---------- Input records

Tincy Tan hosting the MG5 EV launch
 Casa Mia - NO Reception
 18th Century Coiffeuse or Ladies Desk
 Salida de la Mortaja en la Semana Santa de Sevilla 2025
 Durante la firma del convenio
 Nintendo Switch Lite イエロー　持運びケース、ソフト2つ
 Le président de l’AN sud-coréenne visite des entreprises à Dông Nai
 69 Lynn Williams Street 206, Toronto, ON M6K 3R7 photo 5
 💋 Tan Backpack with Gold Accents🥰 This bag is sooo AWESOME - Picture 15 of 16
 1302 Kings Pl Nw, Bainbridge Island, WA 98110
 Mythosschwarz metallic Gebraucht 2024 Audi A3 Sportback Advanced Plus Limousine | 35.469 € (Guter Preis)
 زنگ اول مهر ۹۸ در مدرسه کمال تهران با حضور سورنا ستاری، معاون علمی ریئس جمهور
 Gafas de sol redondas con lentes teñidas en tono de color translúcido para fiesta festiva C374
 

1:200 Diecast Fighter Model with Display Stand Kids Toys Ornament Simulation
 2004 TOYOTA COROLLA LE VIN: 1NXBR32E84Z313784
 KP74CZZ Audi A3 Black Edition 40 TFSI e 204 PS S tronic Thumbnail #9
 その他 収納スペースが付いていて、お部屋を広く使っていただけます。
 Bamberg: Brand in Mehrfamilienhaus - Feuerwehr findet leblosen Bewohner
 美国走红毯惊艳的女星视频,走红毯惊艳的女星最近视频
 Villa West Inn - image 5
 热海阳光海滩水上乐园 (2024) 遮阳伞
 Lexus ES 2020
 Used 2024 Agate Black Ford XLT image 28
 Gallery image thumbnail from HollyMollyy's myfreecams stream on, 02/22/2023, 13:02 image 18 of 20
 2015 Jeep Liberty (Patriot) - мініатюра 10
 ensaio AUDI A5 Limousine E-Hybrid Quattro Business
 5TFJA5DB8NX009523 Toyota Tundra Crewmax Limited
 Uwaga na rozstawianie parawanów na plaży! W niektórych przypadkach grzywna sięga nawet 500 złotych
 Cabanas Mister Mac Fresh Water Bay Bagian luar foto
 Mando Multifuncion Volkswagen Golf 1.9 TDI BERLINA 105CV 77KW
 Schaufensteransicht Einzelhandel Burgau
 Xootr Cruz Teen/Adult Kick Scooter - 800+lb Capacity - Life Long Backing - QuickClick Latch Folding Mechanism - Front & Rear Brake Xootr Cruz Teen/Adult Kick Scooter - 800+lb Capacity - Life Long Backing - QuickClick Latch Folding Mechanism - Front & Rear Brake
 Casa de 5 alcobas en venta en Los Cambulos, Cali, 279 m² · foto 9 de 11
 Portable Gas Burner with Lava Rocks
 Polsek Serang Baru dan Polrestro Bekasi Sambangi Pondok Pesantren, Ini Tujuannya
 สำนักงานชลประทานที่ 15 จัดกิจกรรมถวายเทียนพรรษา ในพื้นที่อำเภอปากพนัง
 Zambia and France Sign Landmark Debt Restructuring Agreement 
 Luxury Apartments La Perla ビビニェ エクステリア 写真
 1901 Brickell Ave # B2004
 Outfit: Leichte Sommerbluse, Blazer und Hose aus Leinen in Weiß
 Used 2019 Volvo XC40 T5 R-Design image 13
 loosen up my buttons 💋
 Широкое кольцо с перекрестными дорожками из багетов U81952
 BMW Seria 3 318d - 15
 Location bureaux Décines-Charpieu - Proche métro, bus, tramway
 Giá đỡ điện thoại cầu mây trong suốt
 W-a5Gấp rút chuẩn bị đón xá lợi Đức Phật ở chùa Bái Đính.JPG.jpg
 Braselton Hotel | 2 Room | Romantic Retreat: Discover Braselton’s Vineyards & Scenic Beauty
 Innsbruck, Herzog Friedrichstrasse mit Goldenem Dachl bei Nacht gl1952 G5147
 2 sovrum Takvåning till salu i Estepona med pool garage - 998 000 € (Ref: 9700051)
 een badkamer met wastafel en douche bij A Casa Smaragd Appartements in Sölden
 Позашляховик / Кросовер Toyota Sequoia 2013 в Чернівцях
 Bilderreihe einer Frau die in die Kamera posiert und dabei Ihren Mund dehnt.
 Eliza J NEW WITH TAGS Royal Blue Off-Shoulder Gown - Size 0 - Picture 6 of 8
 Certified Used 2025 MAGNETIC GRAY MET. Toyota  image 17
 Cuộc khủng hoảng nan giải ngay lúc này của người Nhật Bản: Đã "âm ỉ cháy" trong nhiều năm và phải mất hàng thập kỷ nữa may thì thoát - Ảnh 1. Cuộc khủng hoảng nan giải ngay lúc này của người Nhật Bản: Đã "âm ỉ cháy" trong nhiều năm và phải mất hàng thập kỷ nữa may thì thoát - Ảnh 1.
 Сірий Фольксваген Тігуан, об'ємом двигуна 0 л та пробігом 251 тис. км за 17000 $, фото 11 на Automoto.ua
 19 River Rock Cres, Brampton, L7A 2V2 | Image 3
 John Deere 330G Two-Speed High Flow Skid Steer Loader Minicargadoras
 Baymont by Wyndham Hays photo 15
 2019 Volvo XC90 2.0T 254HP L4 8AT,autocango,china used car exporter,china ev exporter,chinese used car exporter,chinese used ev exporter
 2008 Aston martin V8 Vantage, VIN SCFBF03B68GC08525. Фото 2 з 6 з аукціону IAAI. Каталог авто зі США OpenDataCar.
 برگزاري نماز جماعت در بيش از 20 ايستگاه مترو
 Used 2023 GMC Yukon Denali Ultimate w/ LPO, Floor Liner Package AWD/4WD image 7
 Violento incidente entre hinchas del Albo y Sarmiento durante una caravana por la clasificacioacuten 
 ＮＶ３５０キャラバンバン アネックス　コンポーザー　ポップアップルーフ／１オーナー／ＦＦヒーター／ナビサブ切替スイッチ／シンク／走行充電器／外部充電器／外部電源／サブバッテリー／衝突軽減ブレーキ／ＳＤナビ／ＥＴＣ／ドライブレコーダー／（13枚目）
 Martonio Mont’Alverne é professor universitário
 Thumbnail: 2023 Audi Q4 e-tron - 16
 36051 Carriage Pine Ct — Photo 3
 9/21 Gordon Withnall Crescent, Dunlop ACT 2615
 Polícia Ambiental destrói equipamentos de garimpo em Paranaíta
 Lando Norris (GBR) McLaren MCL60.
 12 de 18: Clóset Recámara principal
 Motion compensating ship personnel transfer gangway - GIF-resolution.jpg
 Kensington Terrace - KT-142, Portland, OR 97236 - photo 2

--------------------

What you should do:
In full and word for word, write out the data above.

Exercise result:
Tincy Tan hosting the MG5 EV launch
 Casa Mia - NO Reception
 18th Century Coiffeuse or Ladies Desk
 Salida de la Mortaja en la Semana Santa de Sevilla 2025
 Durante la firma del convenio
 Nintendo Switch Lite イエロー　持運びケース、ソフト2つ
 Le président de l’AN sud-coréenne visite des entreprises à Dông Nai
 69 Lynn Williams Street 206, Toronto, ON M6K 3R7 photo 5
 💋 Tan Backpack with Gold Accents🥰 This bag is sooo AWESOME - Picture 15 of 16
 1302 Kings Pl Nw, Bainbridge Island, WA 98110
 Mythosschwarz metallic Gebraucht 2024 Audi A3 Sportback Advanced Plus Limousine | 35.469 € (Guter Preis)
 زنگ اول مهر ۹۸ در مدرسه کمال تهران با حضور سورنا ستاری، معاون علمی ریئس جمهور
 Gafas de sol redondas con lentes teñidas en tono de color translúcido para fiesta festiva C374
 

1:200 Diecast Fighter Model with Display Stand Kids Toys Ornament Simulation
 2004 TOYOTA COROLLA LE VIN: 1NXBR32E84Z313784
 KP74CZZ Audi A3 Black Edition 40 TFSI e 204 PS S tronic Thumbnail #9
 その他 収納スペースが付いていて、お部屋を広く使っていただけます。
 Bamberg: Brand in Mehrfamilienhaus - Feuerwehr findet leblosen Bewohner
 美国走红毯惊艳的女星视频,走红毯惊艳的女星最近视频
 Villa West Inn - image 5
 热海阳光海滩水上乐园 (2024) 遮阳伞
 Lexus ES 2020
 Used 2024 Agate Black Ford XLT image 28
 Gallery image thumbnail from HollyMollyy's myfreecams stream on, 02/22/2023, 13:02 image 18 of 20
 2015 Jeep Liberty (Patriot) - мініатюра 10
 ensaio AUDI A5 Limousine E-Hybrid Quattro Business
 5TFJA5DB8NX009523 Toyota Tundra Crewmax Limited
 Uwaga na rozstawianie parawanów na plaży! W niektórych przypadkach grzywna sięga nawet 500 złotych
 Cabanas Mister Mac Fresh Water Bay Bagian luar foto
 Mando Multifuncion Volkswagen Golf 1.9 TDI BERLINA 105CV 77KW
 Schaufensteransicht Einzelhandel Burgau
 Xootr Cruz Teen/Adult Kick Scooter - 800+lb Capacity - Life Long Backing - QuickClick Latch Folding Mechanism - Front & Rear Brake Xootr Cruz Teen/Adult Kick Scooter - 800+lb Capacity - Life Long Backing - QuickClick Latch Folding Mechanism - Front & Rear Brake
 Casa de 5 alcobas en venta en Los Cambulos, Cali, 279 m² · foto 9 de 11
 Portable Gas Burner with Lava Rocks
 Polsek Serang Baru dan Polrestro Bekasi Sambangi Pondok Pesantren, Ini Tujuannya
 สำนักงานชลประทานที่ 15 จัดกิจกรรมถวายเทียนพรรษา ในพื้นที่อำเภอปากพนัง
 Zambia and France Sign Landmark Debt Restructuring Agreement 
 Luxury Apartments La Perla ビビニェ エクステリア 写真
 1901 Brickell Ave # B2004
 Outfit: Leichte Sommerbluse, Blazer und Hose aus Leinen in Weiß
 Used 2019 Volvo XC40 T5 R-Design image 13
 loosen up my buttons 💋
 Широкое кольцо с перекрестными дорожками из багетов U81952
 BMW Seria 3 318d - 15
 Location bureaux Décines-Charpieu - Proche métro, bus, tramway
 Giá đỡ điện thoại cầu mây trong suốt
 W-a5Gấp rút chuẩn bị đón xá lợi Đức Phật ở chùa Bái Đính.JPG.jpg
 Braselton Hotel | 2 Room | Romantic Retreat: Discover Braselton’s Vineyards & Scenic Beauty
 Innsbruck, Herzog Friedrichstrasse mit Goldenem Dachl bei Nacht gl1952 G5147
 2 sovrum Takvåning till salu i Estepona med pool garage - 998 000 € (Ref: 9700051)
 een badkamer met wastafel en douche bij A Casa Smaragd Appartements in Sölden
 Позашляховик / Кросовер Toyota Sequoia 2013 в Чернівцях
 Bilderreihe einer Frau die in die Kamera posiert und dabei Ihren Mund dehnt.
 Eliza J NEW WITH TAGS Royal Blue Off-Shoulder Gown - Size 0 - Picture 6 of 8
 Certified Used 2025 MAGNETIC GRAY MET. Toyota  image 17
 Cuộc khủng hoảng nan giải ngay lúc này của người Nhật Bản: Đã "âm ỉ cháy" trong nhiều năm và phải mất hàng thập kỷ nữa may thì thoát - Ảnh 1. Cuộc khủng hoảng nan giải ngay lúc này của người Nhật Bản: Đã "âm ỉ cháy" trong nhiều năm và phải mất hàng thập kỷ nữa may thì thoát - Ảnh 1.
 Сірий Фольксваген Тігуан, об'ємом двигуна 0 л та пробігом 251 тис. км за 17000 $, фото 11 на Automoto.ua
 19 River Rock Cres, Brampton, L7A 2V2 | Image 3
 John Deere 330G Two-Speed High Flow Skid Steer Loader Minicargadoras
 Baymont by Wyndham Hays photo 15
 2019 Volvo XC90 2.0T 254HP L4 8AT,autocango,china used car exporter,china ev exporter,chinese used car exporter,chinese used ev exporter
 2008 Aston martin V8 Vantage, VIN SCFBF03B68GC08525. Фото 2 з 6 з аукціону IAAI. Каталог авто зі США OpenDataCar.
 برگزاري نماز جماعت در بيش از 20 ايستگاه مترو
 Used 2023 GMC Yukon Denali Ultimate w/ LPO, Floor Liner Package AWD/4WD image 7
 Violento incidente entre hinchas del Albo y Sarmiento durante una caravana por la clasificacioacuten 
 ＮＶ３５０キャラバンバン アネックス　コンポーザー　ポップアップルーフ／１オーナー／ＦＦヒーター／ナビサブ切替スイッチ／シンク／走行充電器／外部充電器／外部電源／サブバッテリー／衝突軽減ブレーキ／ＳＤナビ／ＥＴＣ／ドライブレコーダー／（13枚目）
 Martonio Mont’Alverne é professor universitário
 Thumbnail: 2023 Audi Q4 e-tron - 16
 36051 Carriage Pine Ct — Photo 3
 9/21 Gordon Withnall Crescent, Dunlop ACT 2615
 Polícia Ambiental destrói equipamentos de garimpo em Paranaíta
 Lando Norris (GBR) McLaren MCL60.
 12 de 18: Clóset Recámara principal
 Motion compensating ship personnel transfer gangway - GIF-resolution.jpg
 Kensington Terrace - KT-142, Portland, OR 97236 - photo 2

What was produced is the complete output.